┌──
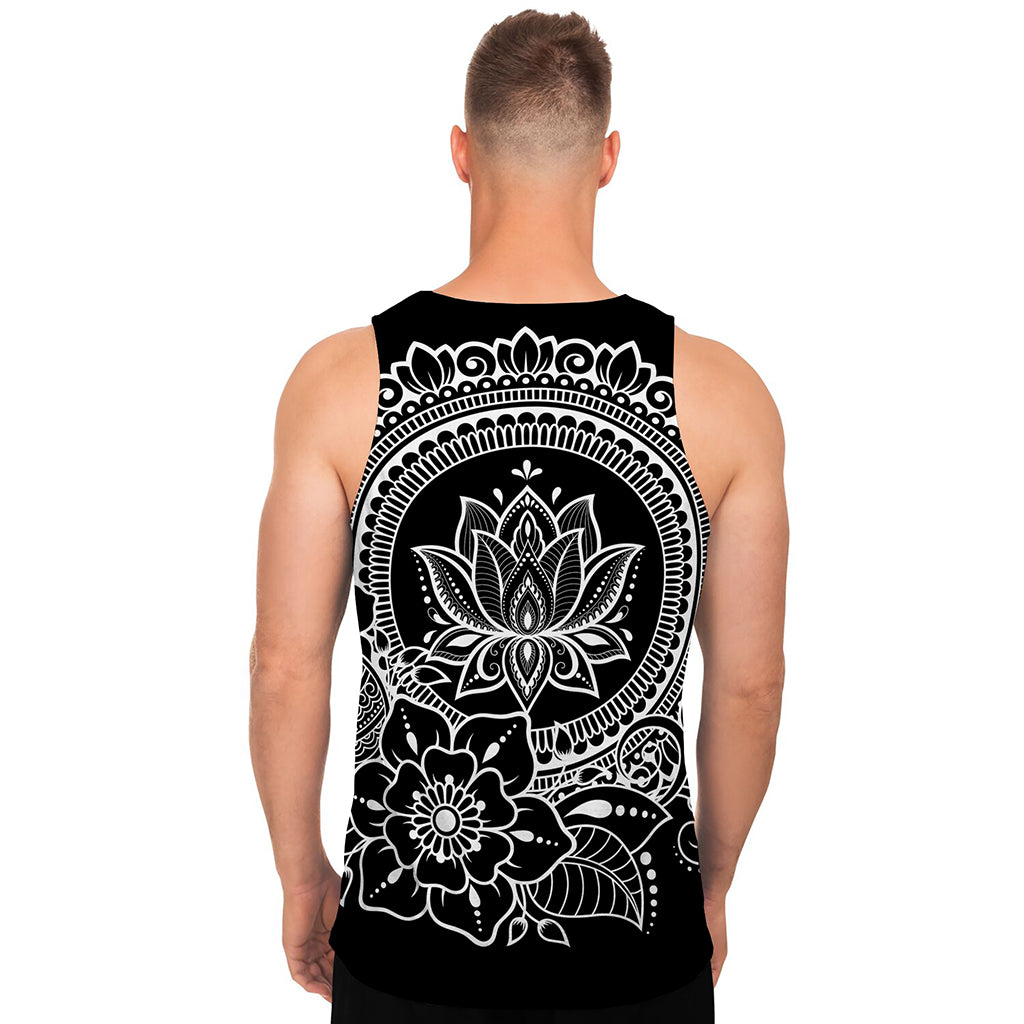 Black And White Lotus Flower Print Men's Tank Top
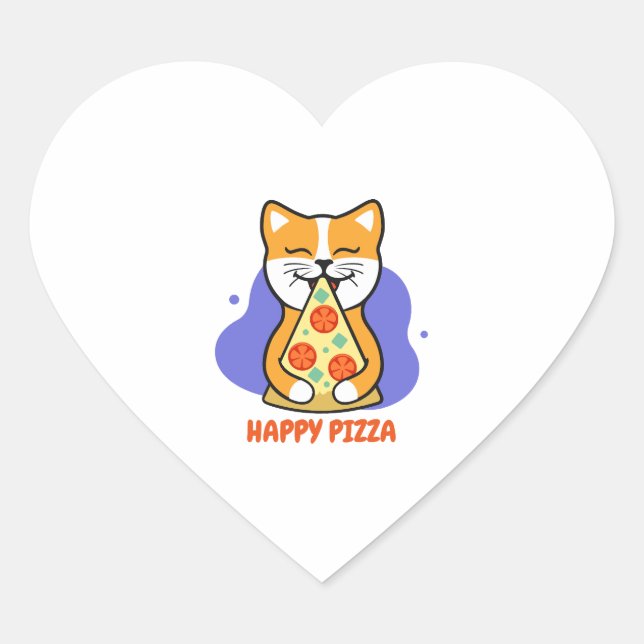 Cat Eating A Pizza    Heart Sticker (Front)
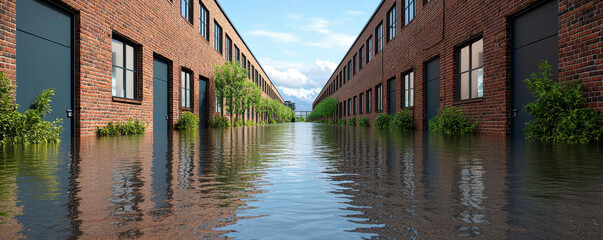 Flooded industrial area with water reaching factory floors, symbolizing economic loss and resource challenges after a storm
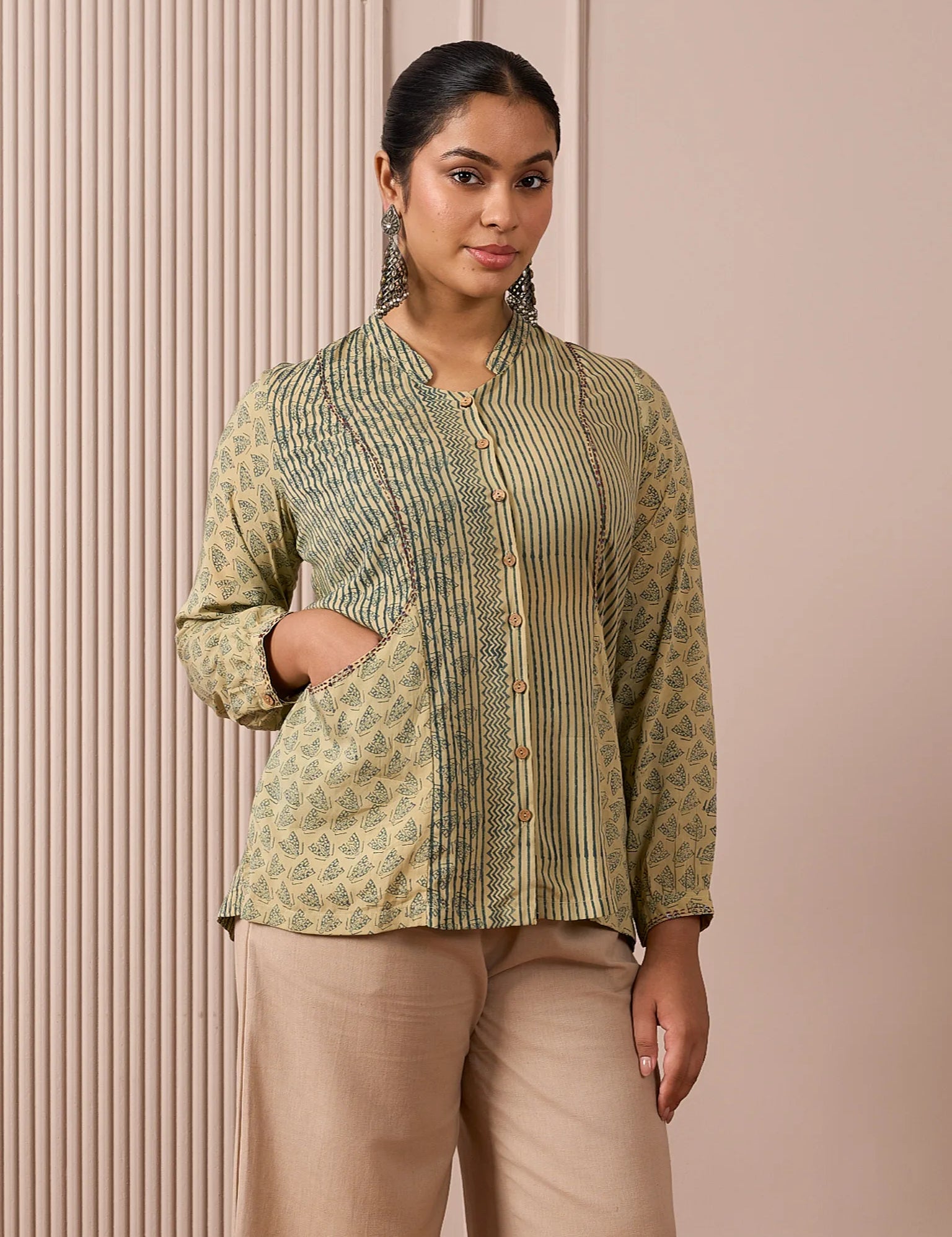 RA Studio Flat Collar Block Printed Shirt with Pockets Green Moth and Stripes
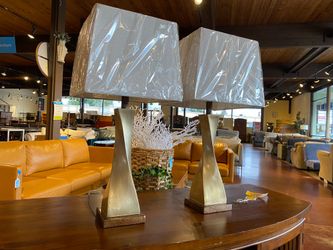 NEW! KAWOTI Shally 27-in Antique Gold 3-way Table Lamp with Linen Shade (Set of 2)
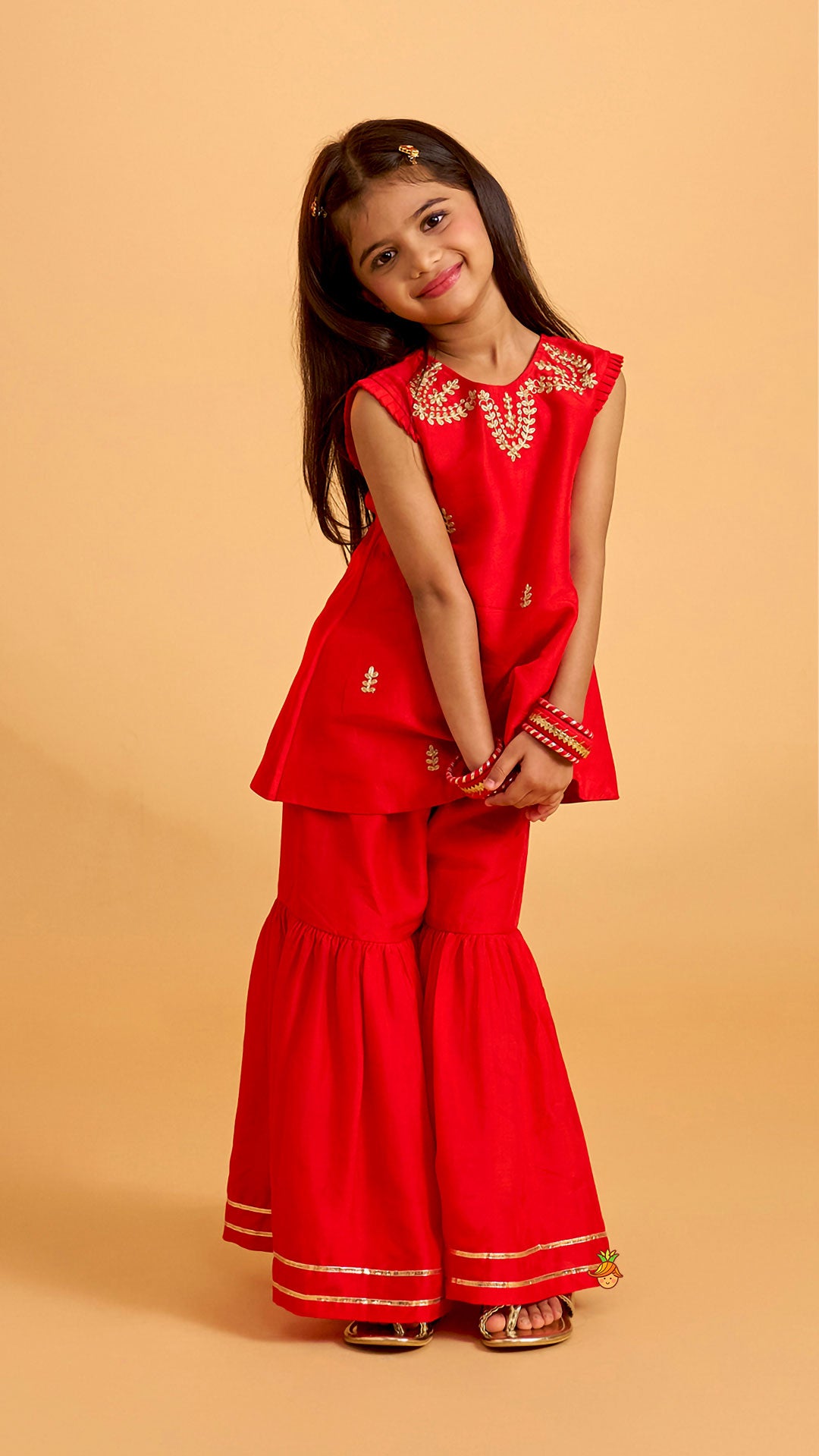Pleated Armhole Kurti And Sharara With Matching Dupatta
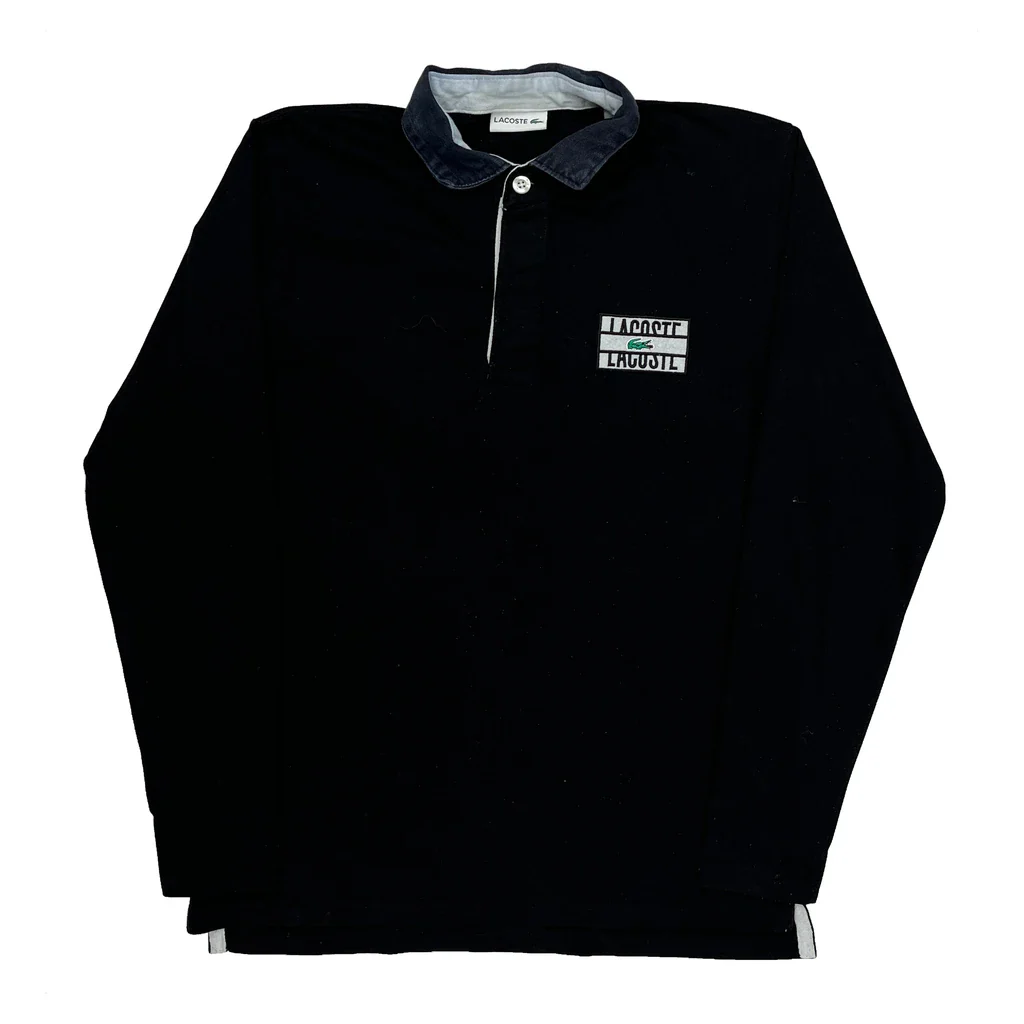 Lacoste Long Sleeve Polo Shirt - Large Black Cotton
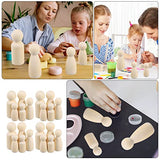 Toyvian 50pcs White Embryo Wood Doll Peg Doll Kit Unfinished Peg Dolls Wood Peg Dolls Natural Wooden Mushroom Kids Glass Mushroom Painting Puppets Toyvian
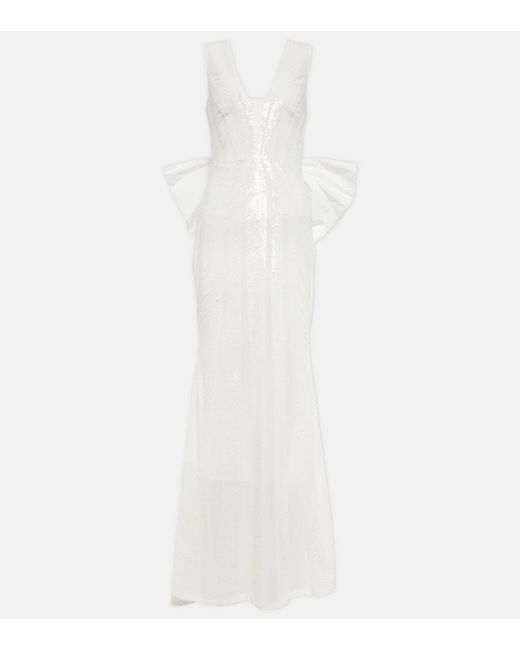 Rebecca Vallance White Bridal Davina Sequined Gown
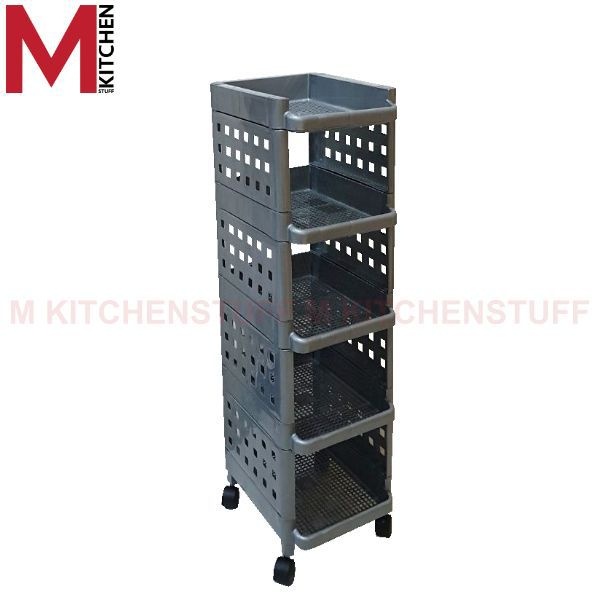 M KITCHEN 1075M ชั้นวางของมีล้อ ชั้นวางรองเท้า 5 ชั้น ขนาด 27x 33x97 ซม (C1)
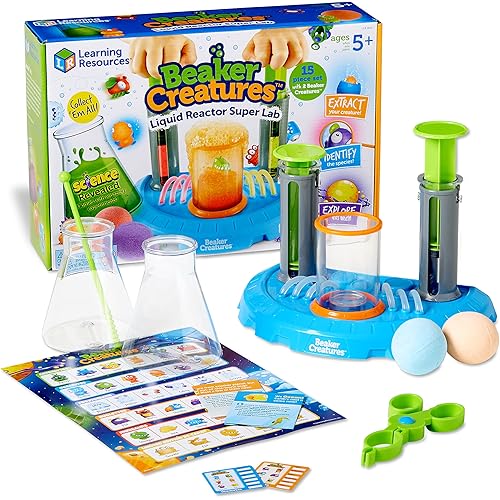 Learning Resources Beaker Creatures Liquid Reactor Super Lab,Ages 5+,15 pieces, Homeschool, STEM, Science Exploration Toy, Science Kit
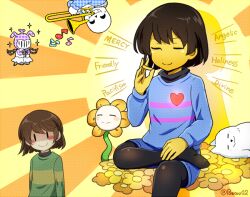  2016 2boys 2d 2others =_= ambiguous_gender ankle_boots annoying_dog artist_name black_pants blue_jacket blue_shirt blue_shorts boots brown_boots brown_hair brown_shorts chara_(undertale) child digital_media double_horizontal_stripe flower flowey_(undertale) frisk_(undertale) glowing glowing_heart green_shirt grey_hood halftone heart holding holding_instrument hollow_eyes hood hood_down hooded_jacket horizontal-striped_clothes human humanoid instrument jacket male monster monster_boy multiple_boys multiple_others musical_note open_clothes open_jacket orange_background other_focus pants pantyhose pantyhose_under_shorts pink_stripes plant powaro02 sans_(undertale) shirt short_hair shorts simple_background single_horizontal_stripe skeleton smile striped_clothes striped_shirt teeth trombone twitter_username two-tone_background two-tone_shirt undead undertale utdr_(toby_fox) whimsalot white_shirt yellow_background yellow_flower yellow_stripes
└──
When you reach an image, pass over it, and retype all other material exactly.

 Black And White Lotus Flower Print Men's Tank Top
 Cat Eating A Pizza    Heart Sticker (Front)
 Flooded industrial area with water reaching factory floors, symbolizing economic loss and resource challenges after a storm
 RA Studio Flat Collar Block Printed Shirt with Pockets Green Moth and Stripes
 NEW! KAWOTI Shally 27-in Antique Gold 3-way Table Lamp with Linen Shade (Set of 2)
Pleated Armhole Kurti And Sharara With Matching Dupatta
 Lacoste Long Sleeve Polo Shirt - Large Black Cotton
 Toyvian 50pcs White Embryo Wood Doll Peg Doll Kit Unfinished Peg Dolls Wood Peg Dolls Natural Wooden Mushroom Kids Glass Mushroom Painting Puppets Toyvian
 Rebecca Vallance White Bridal Davina Sequined Gown
 M KITCHEN 1075M ชั้นวางของมีล้อ ชั้นวางรองเท้า 5 ชั้น ขนาด 27x 33x97 ซม (C1)
 Learning Resources Beaker Creatures Liquid Reactor Super Lab,Ages 5+,15 pieces, Homeschool, STEM, Science Exploration Toy, Science Kit
  2016 2boys 2d 2others =_= ambiguous_gender ankle_boots annoying_dog artist_name black_pants blue_jacket blue_shirt blue_shorts boots brown_boots brown_hair brown_shorts chara_(undertale) child digital_media double_horizontal_stripe flower flowey_(undertale) frisk_(undertale) glowing glowing_heart green_shirt grey_hood halftone heart holding holding_instrument hollow_eyes hood hood_down hooded_jacket horizontal-striped_clothes human humanoid instrument jacket male monster monster_boy multiple_boys multiple_others musical_note open_clothes open_jacket orange_background other_focus pants pantyhose pantyhose_under_shorts pink_stripes plant powaro02 sans_(undertale) shirt short_hair shorts simple_background single_horizontal_stripe skeleton smile striped_clothes striped_shirt teeth trombone twitter_username two-tone_background two-tone_shirt undead undertale utdr_(toby_fox) whimsalot white_shirt yellow_background yellow_flower yellow_stripes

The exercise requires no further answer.